More photos in link.
https://www.boredpanda.com/hand-painted-rocks-stone-art-animals-robertorizzoart/



> Inspired by nature and animals and "driven by emotions and curiosity," Italian artist Roberto Rizzo, who is now based in southern Spain, paints extremely detailed animal portraits on an unusual canvas—rocks. Rizzo takes on the challenge of creating acrylic animal paintings that curve around the natural shapes of the rock, making each painting a one-of-a-kind piece of art. He also draws realistic pet portraits for pet parents from all around the world who want to honor their furry friends in a unique way.



Roberto Rizzo has been painting on rocks since 1996. From tiny rocks that can fit in the palm of your hand or close to life-size replicas of an animal—this artist is able to transform any lifeless rock or stone into an incredible hyperrealistic painting that could be easily mistaken for a photograph.


----------



## Aunt Marg (Feb 23, 2021)

Wow! So real!


----------



## Gaer (Feb 23, 2021)

Those are SO BEAUTIFUL!


----------



## Keesha (Feb 23, 2021)

Now that’s talent! They are very realistic. 
I had an artist friend who painted rocks but nothing like this.


----------



## jujube (Feb 23, 2021)

Speechless!


----------



## Ruth n Jersey (Feb 23, 2021)

@SeaBreeze It is so strange that you posted this today.  Last year I made some funky looking  lady bugs from stones and this year I decided to try painting something a little different.

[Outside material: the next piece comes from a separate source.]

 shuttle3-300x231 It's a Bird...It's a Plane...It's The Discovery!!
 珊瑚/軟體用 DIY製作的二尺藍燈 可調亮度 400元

I'm almost ashamed to put my photo up after seeing the ones you posted and so many of you on this forum are so artistic. I'm trying and its relaxing, fun, and I think that's what its all about .

 The owl is far from done, I need to fix his wing a little and paint the rest of him but I'm going to keep at it. 
I am copying it from a video on YouTube. 
Now if I can figure out how to get the paint off my computer mouse from all the pauses all will be well. lol


----------



## SeaBreeze (Feb 23, 2021)

I love your ladybugs @Ruth n Jersey, and your sweet little owl.  You're much more talented than I am, more ambitious too. I have no artistic abilities, but I do love to see what other folks are doing. Thanks for sharing your artwork Ruth, glad you posted your photos.


----------



## SeaBreeze (Feb 23, 2021)

Aunt Marg said:


> Wow! So real!


I agree!  That cat looks very real, like some other stones shown in the link.


----------



## Aunt Marg (Feb 23, 2021)

SeaBreeze said:


> I agree!  That cat looks very real, like some other stones shown in the link.


When I seen the cat, my first thought was, I'll bet that could fool people if someone were to set it down in the corner of their patio.


----------